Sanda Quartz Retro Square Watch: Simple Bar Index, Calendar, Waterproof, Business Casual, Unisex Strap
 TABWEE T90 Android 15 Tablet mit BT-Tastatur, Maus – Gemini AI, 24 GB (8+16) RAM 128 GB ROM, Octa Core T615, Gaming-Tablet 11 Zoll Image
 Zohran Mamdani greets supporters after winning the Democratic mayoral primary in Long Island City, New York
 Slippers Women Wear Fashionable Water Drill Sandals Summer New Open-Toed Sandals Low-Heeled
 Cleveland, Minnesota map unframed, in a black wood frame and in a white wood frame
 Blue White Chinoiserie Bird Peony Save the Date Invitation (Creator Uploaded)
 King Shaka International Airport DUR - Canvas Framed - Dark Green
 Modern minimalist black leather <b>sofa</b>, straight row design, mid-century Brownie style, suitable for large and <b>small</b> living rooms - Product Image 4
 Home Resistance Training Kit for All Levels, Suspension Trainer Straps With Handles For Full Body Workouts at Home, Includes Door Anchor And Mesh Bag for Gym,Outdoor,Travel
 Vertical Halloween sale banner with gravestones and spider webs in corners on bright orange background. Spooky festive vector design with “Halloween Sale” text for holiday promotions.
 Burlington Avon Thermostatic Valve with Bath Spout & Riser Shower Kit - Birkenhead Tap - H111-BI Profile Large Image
• • • • •
**EXERCISE PROMPT**
Begin at the first line of the material above. Transcribe each line exactly, ending with the line that contains "Zohran Mamdani greets".

**TASK RESPONSE**
Sanda Quartz Retro Square Watch: Simple Bar Index, Calendar, Waterproof, Business Casual, Unisex Strap
 TABWEE T90 Android 15 Tablet mit BT-Tastatur, Maus – Gemini AI, 24 GB (8+16) RAM 128 GB ROM, Octa Core T615, Gaming-Tablet 11 Zoll Image
 Zohran Mamdani greets supporters after winning the Democratic mayoral primary in Long Island City, New York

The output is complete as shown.